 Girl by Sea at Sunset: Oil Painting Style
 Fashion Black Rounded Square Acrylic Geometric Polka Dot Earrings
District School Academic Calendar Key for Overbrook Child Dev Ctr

========================================

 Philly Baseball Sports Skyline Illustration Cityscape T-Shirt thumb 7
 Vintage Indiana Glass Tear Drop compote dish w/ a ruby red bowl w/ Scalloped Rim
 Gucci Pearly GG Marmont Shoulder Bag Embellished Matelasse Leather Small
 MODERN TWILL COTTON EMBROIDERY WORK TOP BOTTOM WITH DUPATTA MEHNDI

========================================

Work instructions: From the data above, output only the lines between the line containing "Girl by Sea at Sunset: Oil Painting Style" and the line containing "District School Academic", inclusive, exactly as written.

Exercise result:
 Girl by Sea at Sunset: Oil Painting Style
 Fashion Black Rounded Square Acrylic Geometric Polka Dot Earrings
District School Academic Calendar Key for Overbrook Child Dev Ctr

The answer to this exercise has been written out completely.